Web page caption snippets

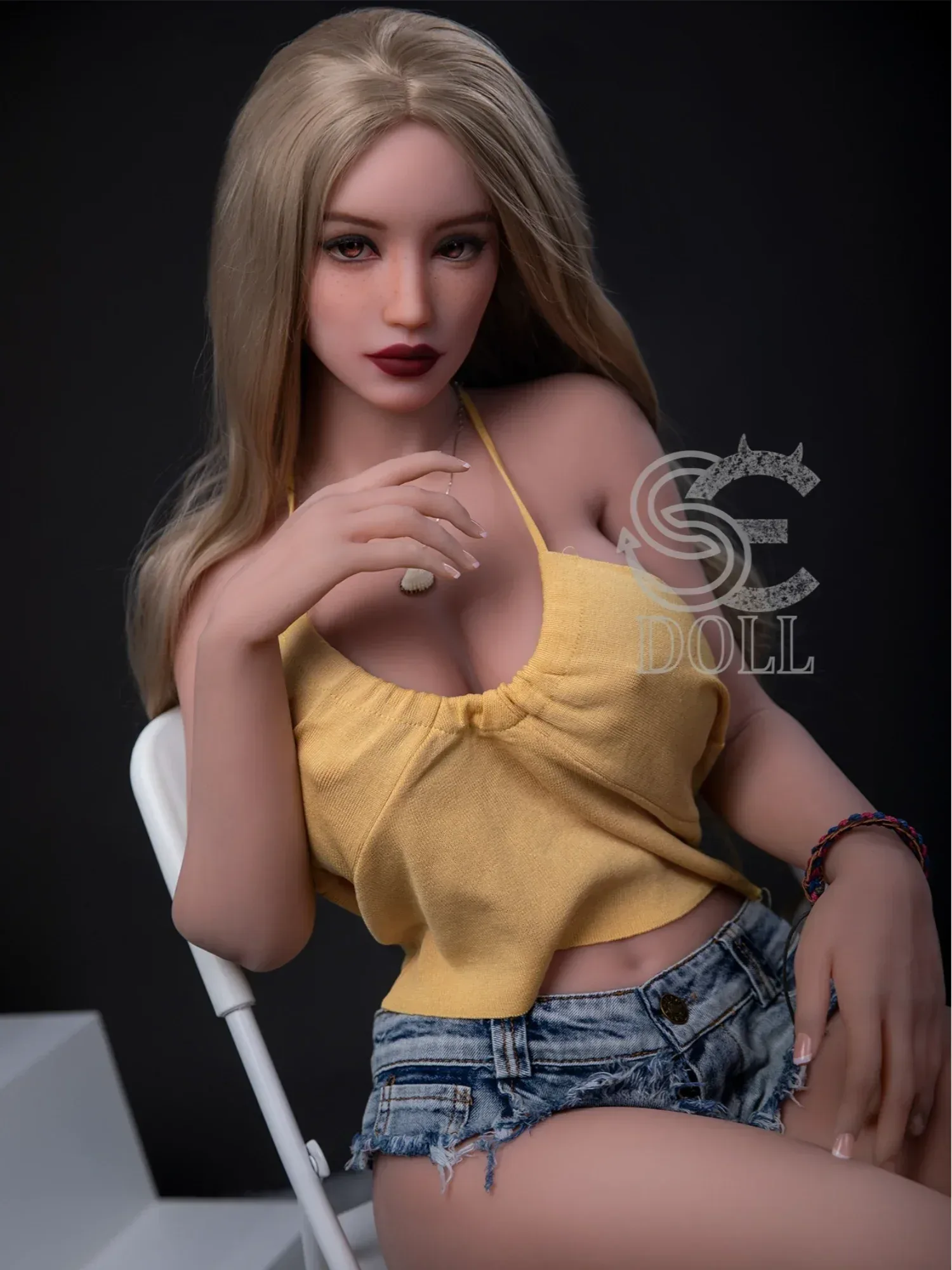 F3689-161cm(5.3ft)-35kg Amelia F Cup TPE Blonde Sexy Latina Love Doll｜SE Doll view 4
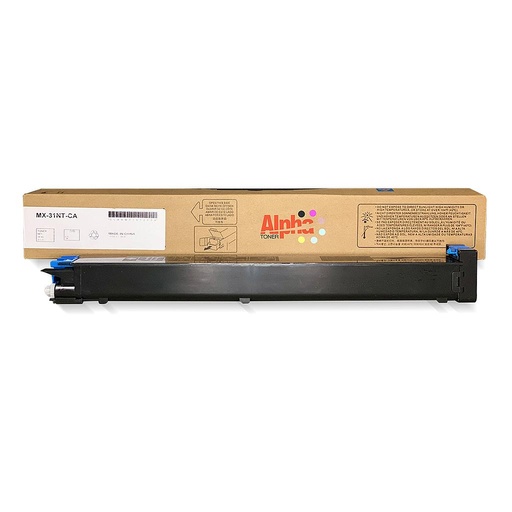 [AT-SHMX31C] TONER COMPATIBLE SHP MX-2600N / MX-3100N / MX-4100N / MX-5001N MX-31 CYAN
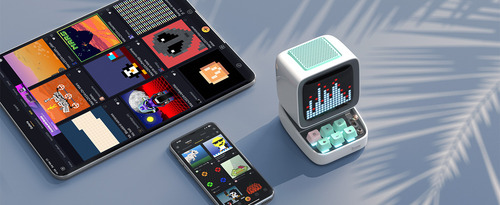 Divoom Ditoo Pixelart Altavoz Bt Retro C/ Pantalla Led Blanc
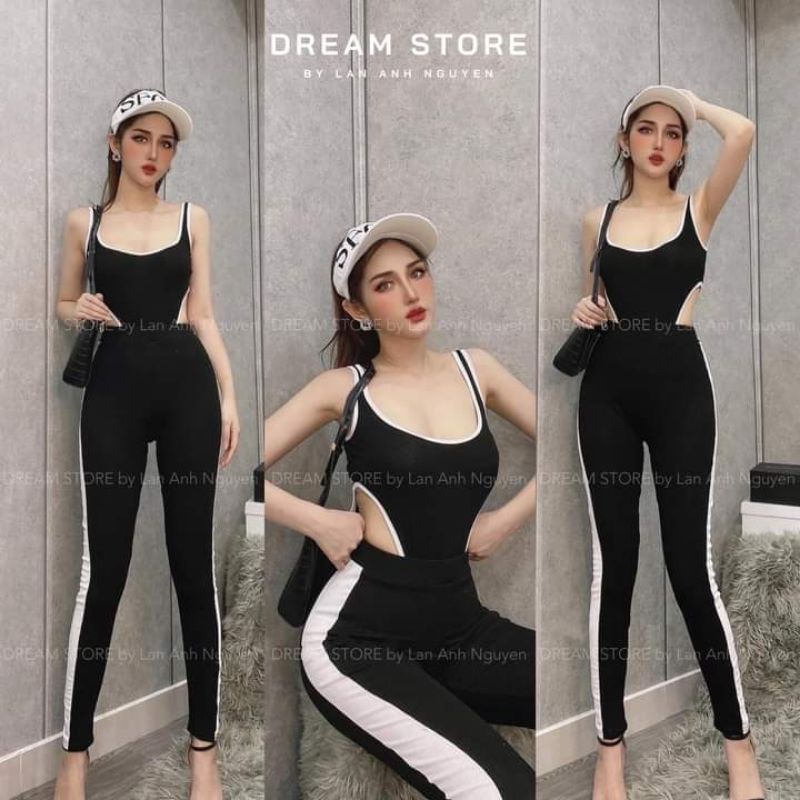 Jum ống ôm chạy viền hai dây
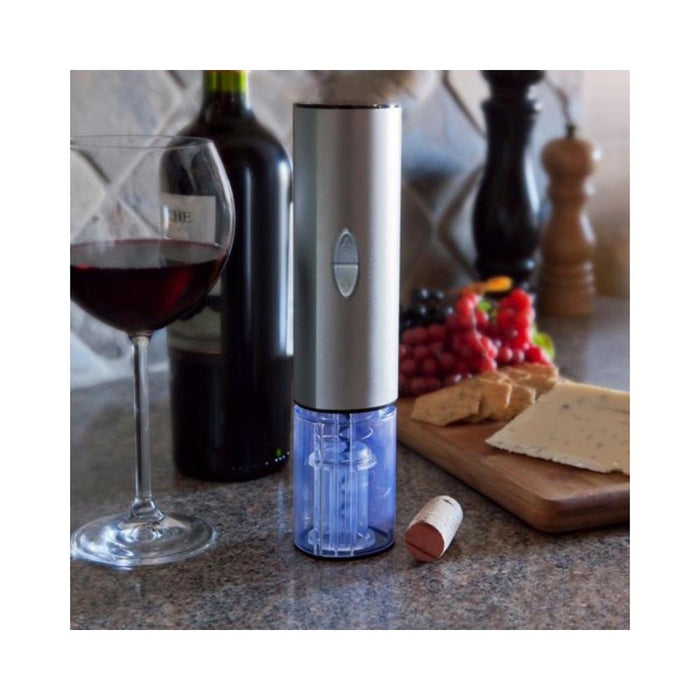 Hashub Goods Electric Wine Bottle Opener with Foil Cutter in Matte Gray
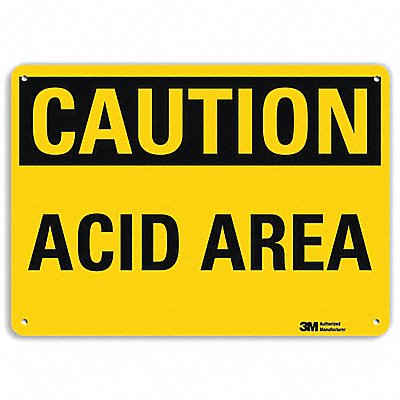 Caution Sign 7 in x 10 in Aluminum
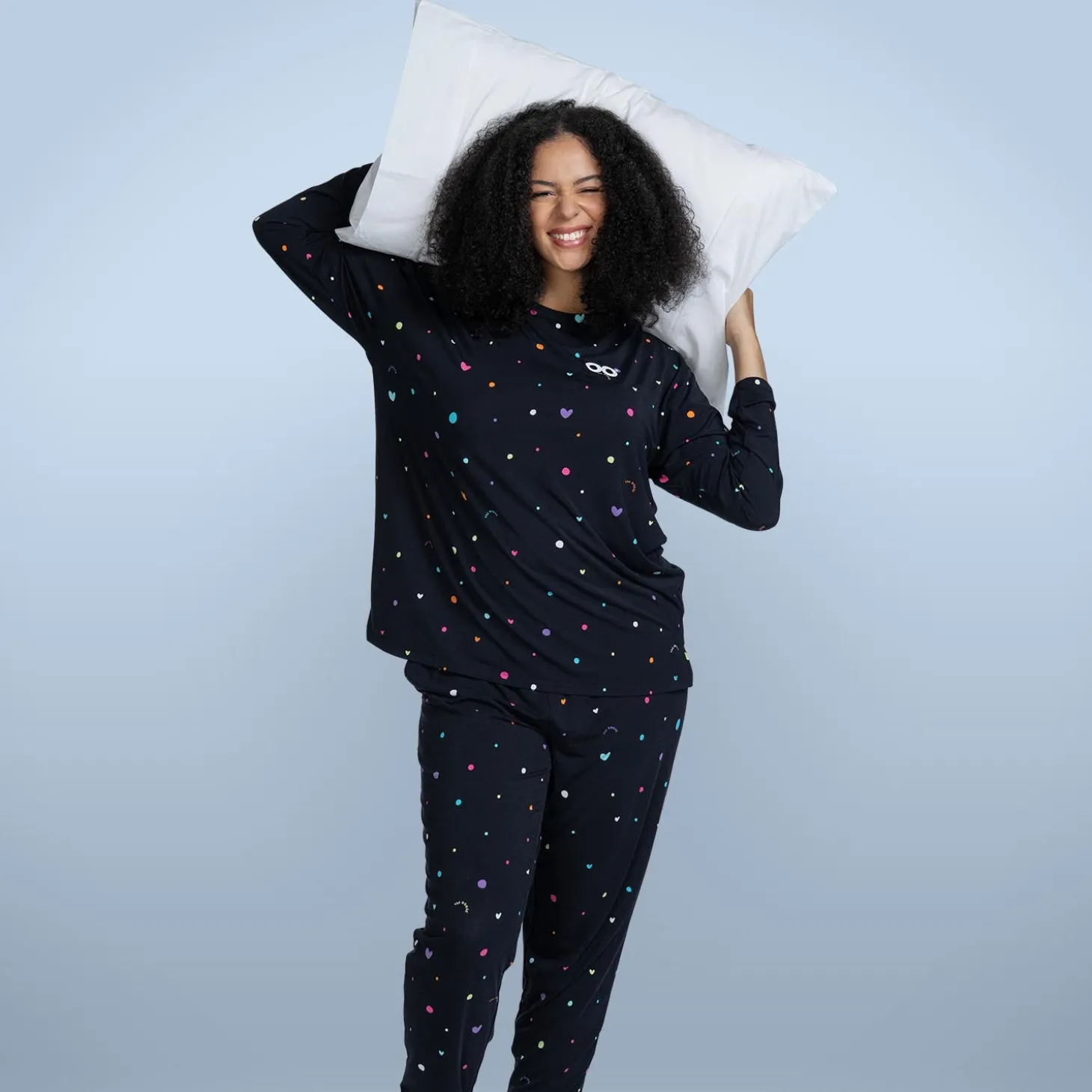 Confetti Cooling Long Sleeve PJ Top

Exercise instructions:
Could you transcribe the records above exactly, leaving every picture out?

Response area:
 F3689-161cm(5.3ft)-35kg Amelia F Cup TPE Blonde Sexy Latina Love Doll｜SE Doll view 4
 [AT-SHMX31C] TONER COMPATIBLE SHP MX-2600N / MX-3100N / MX-4100N / MX-5001N MX-31 CYAN
 Divoom Ditoo Pixelart Altavoz Bt Retro C/ Pantalla Led Blanc
 Jum ống ôm chạy viền hai dây
 Hashub Goods Electric Wine Bottle Opener with Foil Cutter in Matte Gray
 Caution Sign 7 in x 10 in Aluminum
 Confetti Cooling Long Sleeve PJ Top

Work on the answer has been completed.